Mordred

Honestly I tried looking for extremely low order interactions, even the numerous graphs I looked through for any superconductor studies were well out of range. Consider this a single electron has greater energy than the value you just gave. The least massive SM particle with mass being neutrinos but the momentum term is still an issue In all honesty the best chance to get the idea working and not a terrible idea in and of itself is simply get rid of the 10^123 factor. Use the Bose-Einstein methodology would solve a great deal of the problem. It would be a very easy fix that way. Thst would go a long way back to feasible by just dropping that 10^123. Secondly use pions for the SU(3) atoms being the lightest meson and use the Maxwell boltzmann statistics to calculate number density. No confusion now you have a clear defined state to work from. That would also open up a large body of similar studies involving QCD Meissner. Epions actually require higher energy levels under SUSY so don't use a SUSY particle. If it were me those would be the route to address the issues.
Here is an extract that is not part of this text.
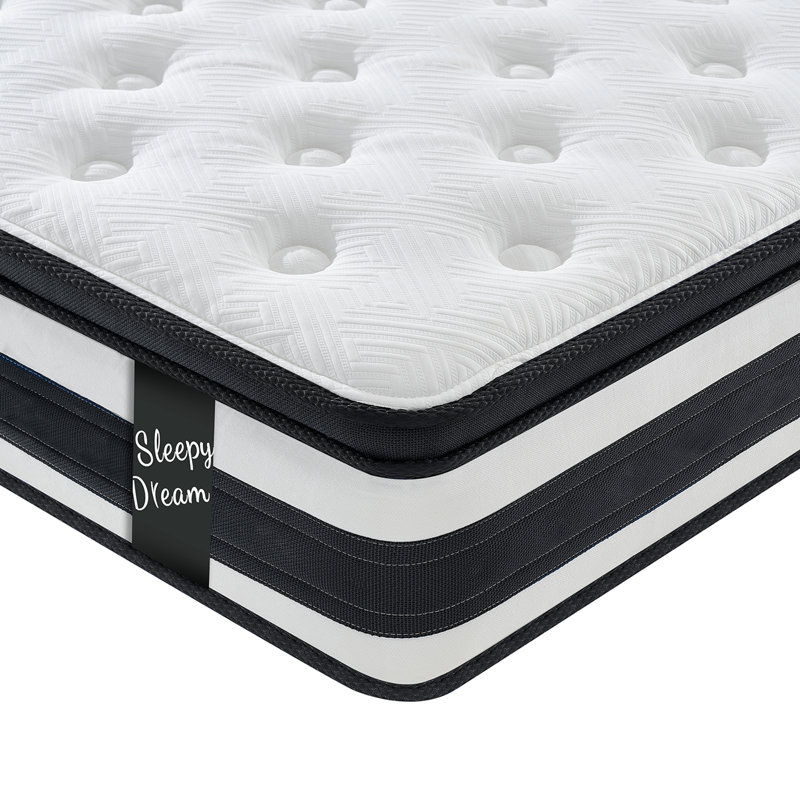 Matelas hybride en mousse à mémoire de forme Aleksey, Lit simple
Yeah your right good catch must have entered something wrong on calculator and didn't spot it. Too early in am last night. Still incredibly large energy density Well above current cosmological constant in joules/meter^3 for simplicity we can ignore spherical 10^45 ev/m^3 gives 1.60*10^26 joules/m^3

The authors unit is 10^-15 meters not meters^3 for range of force. Ie radius of each volume but just in case I will check them later after my meeting. It was 1 am when I did that set so will recheck

Try again it's simple powers and division if you want to use inches 3.9374 ×10^-14 How many 10^{-15} meters fits 1 meter. Recall the author specified volume as well. Have you never learned exponent rules ? \[m^{-n}=\frac{1}{m^n}\] So take \(10^{-15}=\frac{1}{10^{15}}\)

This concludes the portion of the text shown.